Android rolling out 'on-body detection' smart lock feature

Google appears to rolling out a new lock feature to certain Android 5.0 and up devices, a new spin on biometric security dubbed "on-body detection." Imagine that situation where you unlock your phone to read an email, finish and put it back in your pocket, only to take it out again 20 seconds later to check something else. On-body detection's purpose is to free you from repeatedly unlocking your phone as long as it remains in your hand or pocket.

The feature makes use of the device's accelerometer to know whether it's on your body or sitting on a table and not being touched. When first picked up, the phone needs to be unlocked via whichever method the user has set up, such as password or fingerprint. As long the device remains on the body, the password or fingerprint won't be needed to unlock.

This allows the same quick and easy access to the device as not having a locking method set up, but at the same time offers security if it's accidentally forgotten somewhere.

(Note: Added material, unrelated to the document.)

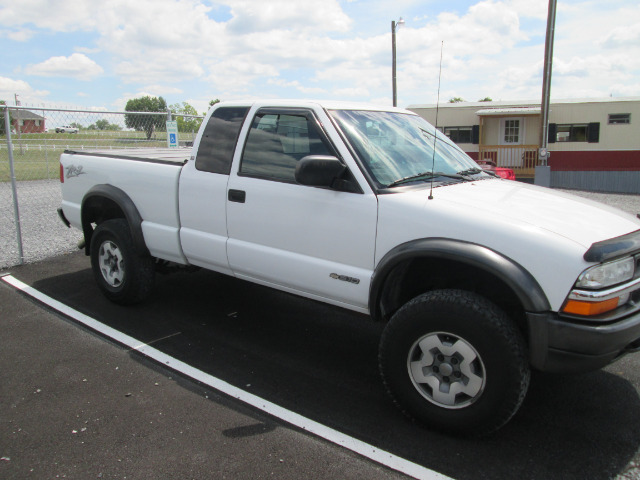 2003 Chevrolet S10 Signature Premium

It's worth noting that on-body detection isn't smart enough to know when the phone's owner is the one holding it, only that it's being held. So if the owner takes their device out of their pocket and immediately hands it to a friend, they would also be able to skip the unlocking step.

Android Police has heard from several users that on-body detection is appearing on many Nexus devices, including the Nexus 4, running Android 5.0.1, although it's been reported to have turned up on other phones as well. The feature doesn't seem to be directly tied to Android 5.1, but rather the latest version of Google Play Services (7.0.97), so that's probably the most likely spot look for it.